(THE TASK):
Using the records that appear below, write out exactly the lines from the one with "Comfort Inn &" through the one with "Tomaz C461 Men's Braided Bow Moccasins", keeping both end lines.

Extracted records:
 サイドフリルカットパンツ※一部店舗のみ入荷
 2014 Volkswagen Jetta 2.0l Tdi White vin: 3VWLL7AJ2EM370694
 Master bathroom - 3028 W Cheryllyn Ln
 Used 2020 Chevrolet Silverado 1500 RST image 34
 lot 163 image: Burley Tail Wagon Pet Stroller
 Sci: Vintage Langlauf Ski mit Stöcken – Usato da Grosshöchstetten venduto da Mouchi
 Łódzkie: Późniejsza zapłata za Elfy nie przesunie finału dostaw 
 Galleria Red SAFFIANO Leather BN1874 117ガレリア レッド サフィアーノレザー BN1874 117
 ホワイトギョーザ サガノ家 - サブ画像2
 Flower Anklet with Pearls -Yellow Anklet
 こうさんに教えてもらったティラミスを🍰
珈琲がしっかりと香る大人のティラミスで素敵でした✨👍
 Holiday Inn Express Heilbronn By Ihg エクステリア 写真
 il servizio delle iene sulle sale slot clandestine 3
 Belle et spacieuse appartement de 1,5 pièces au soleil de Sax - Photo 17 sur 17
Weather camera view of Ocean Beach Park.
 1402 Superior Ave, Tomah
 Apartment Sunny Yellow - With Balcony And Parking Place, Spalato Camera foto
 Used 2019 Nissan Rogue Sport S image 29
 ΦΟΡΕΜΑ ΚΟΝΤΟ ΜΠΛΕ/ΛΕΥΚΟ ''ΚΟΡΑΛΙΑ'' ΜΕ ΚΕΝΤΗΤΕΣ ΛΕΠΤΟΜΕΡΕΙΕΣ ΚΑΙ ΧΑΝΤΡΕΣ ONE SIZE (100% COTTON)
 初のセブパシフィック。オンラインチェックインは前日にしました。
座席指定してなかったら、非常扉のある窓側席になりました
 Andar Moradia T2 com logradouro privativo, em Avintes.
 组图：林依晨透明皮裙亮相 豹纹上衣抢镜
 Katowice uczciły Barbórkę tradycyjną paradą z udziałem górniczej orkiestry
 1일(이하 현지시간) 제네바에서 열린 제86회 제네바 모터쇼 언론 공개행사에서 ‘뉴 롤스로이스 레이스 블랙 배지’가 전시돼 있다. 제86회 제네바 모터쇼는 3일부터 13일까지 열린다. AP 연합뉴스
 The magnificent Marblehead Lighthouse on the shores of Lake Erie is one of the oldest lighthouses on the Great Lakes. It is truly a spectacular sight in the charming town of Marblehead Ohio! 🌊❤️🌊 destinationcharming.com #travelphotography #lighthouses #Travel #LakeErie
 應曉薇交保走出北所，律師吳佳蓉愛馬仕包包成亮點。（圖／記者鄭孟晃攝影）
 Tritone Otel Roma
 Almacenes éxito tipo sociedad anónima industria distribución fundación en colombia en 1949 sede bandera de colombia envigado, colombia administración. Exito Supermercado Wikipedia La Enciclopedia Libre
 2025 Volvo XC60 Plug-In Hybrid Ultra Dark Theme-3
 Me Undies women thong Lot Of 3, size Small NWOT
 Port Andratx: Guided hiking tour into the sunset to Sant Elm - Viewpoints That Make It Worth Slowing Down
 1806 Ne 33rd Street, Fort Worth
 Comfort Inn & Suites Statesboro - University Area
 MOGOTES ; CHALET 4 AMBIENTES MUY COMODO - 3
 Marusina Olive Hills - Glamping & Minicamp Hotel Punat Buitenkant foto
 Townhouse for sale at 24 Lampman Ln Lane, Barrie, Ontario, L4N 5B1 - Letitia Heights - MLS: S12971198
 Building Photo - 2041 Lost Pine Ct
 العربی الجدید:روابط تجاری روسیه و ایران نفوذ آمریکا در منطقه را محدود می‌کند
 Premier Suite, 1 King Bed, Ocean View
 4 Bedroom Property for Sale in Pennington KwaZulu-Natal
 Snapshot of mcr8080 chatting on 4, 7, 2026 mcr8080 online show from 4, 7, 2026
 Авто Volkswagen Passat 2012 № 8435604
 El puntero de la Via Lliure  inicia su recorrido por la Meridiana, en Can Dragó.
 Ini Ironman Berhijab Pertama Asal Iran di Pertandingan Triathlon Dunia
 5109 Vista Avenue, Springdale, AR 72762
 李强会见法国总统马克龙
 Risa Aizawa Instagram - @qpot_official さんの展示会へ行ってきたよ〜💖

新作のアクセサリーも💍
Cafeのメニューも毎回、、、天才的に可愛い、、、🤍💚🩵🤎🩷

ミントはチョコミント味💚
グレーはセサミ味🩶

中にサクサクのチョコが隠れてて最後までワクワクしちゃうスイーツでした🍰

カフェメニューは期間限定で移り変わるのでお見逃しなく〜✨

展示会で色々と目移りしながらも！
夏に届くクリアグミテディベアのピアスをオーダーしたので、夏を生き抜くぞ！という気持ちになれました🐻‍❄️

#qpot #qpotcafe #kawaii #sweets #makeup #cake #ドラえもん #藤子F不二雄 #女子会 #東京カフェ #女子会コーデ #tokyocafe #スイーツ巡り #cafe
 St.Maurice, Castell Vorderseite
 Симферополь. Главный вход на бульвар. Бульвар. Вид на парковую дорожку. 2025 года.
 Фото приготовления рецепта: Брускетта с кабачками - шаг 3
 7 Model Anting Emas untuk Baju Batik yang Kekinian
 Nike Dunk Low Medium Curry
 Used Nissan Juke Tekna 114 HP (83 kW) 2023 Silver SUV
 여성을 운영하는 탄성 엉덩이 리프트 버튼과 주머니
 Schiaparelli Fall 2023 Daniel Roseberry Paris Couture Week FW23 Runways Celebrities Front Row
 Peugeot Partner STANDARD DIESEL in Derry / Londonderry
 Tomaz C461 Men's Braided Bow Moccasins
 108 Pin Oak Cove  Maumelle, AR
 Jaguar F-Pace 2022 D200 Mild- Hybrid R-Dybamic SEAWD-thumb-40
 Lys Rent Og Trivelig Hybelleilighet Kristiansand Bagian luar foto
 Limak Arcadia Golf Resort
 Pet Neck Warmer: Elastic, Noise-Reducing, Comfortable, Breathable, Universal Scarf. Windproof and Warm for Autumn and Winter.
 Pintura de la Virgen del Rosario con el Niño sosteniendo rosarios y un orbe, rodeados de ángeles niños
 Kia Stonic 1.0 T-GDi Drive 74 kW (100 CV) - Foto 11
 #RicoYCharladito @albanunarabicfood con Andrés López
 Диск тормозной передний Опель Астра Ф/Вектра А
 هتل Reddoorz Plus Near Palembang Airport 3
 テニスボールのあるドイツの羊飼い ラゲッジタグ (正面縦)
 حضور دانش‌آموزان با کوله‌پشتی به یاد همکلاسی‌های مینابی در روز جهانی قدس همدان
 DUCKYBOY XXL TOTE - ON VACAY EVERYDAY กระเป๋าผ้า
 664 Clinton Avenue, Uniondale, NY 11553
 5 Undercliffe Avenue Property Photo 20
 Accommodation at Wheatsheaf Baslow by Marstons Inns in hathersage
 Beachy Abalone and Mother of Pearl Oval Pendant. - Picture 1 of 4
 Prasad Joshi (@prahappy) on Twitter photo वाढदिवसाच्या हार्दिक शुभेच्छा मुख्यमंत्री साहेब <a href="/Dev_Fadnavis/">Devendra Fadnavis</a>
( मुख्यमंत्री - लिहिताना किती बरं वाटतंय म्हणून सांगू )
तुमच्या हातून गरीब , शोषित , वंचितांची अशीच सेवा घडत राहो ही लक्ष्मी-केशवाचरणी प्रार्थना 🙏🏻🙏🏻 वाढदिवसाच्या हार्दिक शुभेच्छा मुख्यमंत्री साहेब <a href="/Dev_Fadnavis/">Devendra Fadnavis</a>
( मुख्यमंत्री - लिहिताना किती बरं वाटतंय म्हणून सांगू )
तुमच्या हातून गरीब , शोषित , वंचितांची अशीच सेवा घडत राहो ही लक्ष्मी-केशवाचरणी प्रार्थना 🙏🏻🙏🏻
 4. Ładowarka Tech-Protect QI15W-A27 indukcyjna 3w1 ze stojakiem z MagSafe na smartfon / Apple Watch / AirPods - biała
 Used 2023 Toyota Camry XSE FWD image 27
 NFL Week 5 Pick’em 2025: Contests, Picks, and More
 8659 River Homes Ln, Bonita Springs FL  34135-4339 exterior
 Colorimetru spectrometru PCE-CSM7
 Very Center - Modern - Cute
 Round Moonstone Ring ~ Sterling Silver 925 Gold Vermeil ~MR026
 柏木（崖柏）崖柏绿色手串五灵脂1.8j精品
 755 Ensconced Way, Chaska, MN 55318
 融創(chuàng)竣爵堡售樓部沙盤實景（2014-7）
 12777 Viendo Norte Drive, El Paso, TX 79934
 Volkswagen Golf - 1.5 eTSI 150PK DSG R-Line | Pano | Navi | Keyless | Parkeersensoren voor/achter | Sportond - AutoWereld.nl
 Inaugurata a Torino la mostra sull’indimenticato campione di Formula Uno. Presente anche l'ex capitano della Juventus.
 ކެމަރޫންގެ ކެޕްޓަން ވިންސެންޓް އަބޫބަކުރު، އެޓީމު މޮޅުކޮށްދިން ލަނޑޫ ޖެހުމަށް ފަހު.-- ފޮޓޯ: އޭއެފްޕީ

(RESPONSE TO THIS TASK):
 Comfort Inn & Suites Statesboro - University Area
 MOGOTES ; CHALET 4 AMBIENTES MUY COMODO - 3
 Marusina Olive Hills - Glamping & Minicamp Hotel Punat Buitenkant foto
 Townhouse for sale at 24 Lampman Ln Lane, Barrie, Ontario, L4N 5B1 - Letitia Heights - MLS: S12971198
 Building Photo - 2041 Lost Pine Ct
 العربی الجدید:روابط تجاری روسیه و ایران نفوذ آمریکا در منطقه را محدود می‌کند
 Premier Suite, 1 King Bed, Ocean View
 4 Bedroom Property for Sale in Pennington KwaZulu-Natal
 Snapshot of mcr8080 chatting on 4, 7, 2026 mcr8080 online show from 4, 7, 2026
 Авто Volkswagen Passat 2012 № 8435604
 El puntero de la Via Lliure  inicia su recorrido por la Meridiana, en Can Dragó.
 Ini Ironman Berhijab Pertama Asal Iran di Pertandingan Triathlon Dunia
 5109 Vista Avenue, Springdale, AR 72762
 李强会见法国总统马克龙
 Risa Aizawa Instagram - @qpot_official さんの展示会へ行ってきたよ〜💖

新作のアクセサリーも💍
Cafeのメニューも毎回、、、天才的に可愛い、、、🤍💚🩵🤎🩷

ミントはチョコミント味💚
グレーはセサミ味🩶

中にサクサクのチョコが隠れてて最後までワクワクしちゃうスイーツでした🍰

カフェメニューは期間限定で移り変わるのでお見逃しなく〜✨

展示会で色々と目移りしながらも！
夏に届くクリアグミテディベアのピアスをオーダーしたので、夏を生き抜くぞ！という気持ちになれました🐻‍❄️

#qpot #qpotcafe #kawaii #sweets #makeup #cake #ドラえもん #藤子F不二雄 #女子会 #東京カフェ #女子会コーデ #tokyocafe #スイーツ巡り #cafe
 St.Maurice, Castell Vorderseite
 Симферополь. Главный вход на бульвар. Бульвар. Вид на парковую дорожку. 2025 года.
 Фото приготовления рецепта: Брускетта с кабачками - шаг 3
 7 Model Anting Emas untuk Baju Batik yang Kekinian
 Nike Dunk Low Medium Curry
 Used Nissan Juke Tekna 114 HP (83 kW) 2023 Silver SUV
 여성을 운영하는 탄성 엉덩이 리프트 버튼과 주머니
 Schiaparelli Fall 2023 Daniel Roseberry Paris Couture Week FW23 Runways Celebrities Front Row
 Peugeot Partner STANDARD DIESEL in Derry / Londonderry
 Tomaz C461 Men's Braided Bow Moccasins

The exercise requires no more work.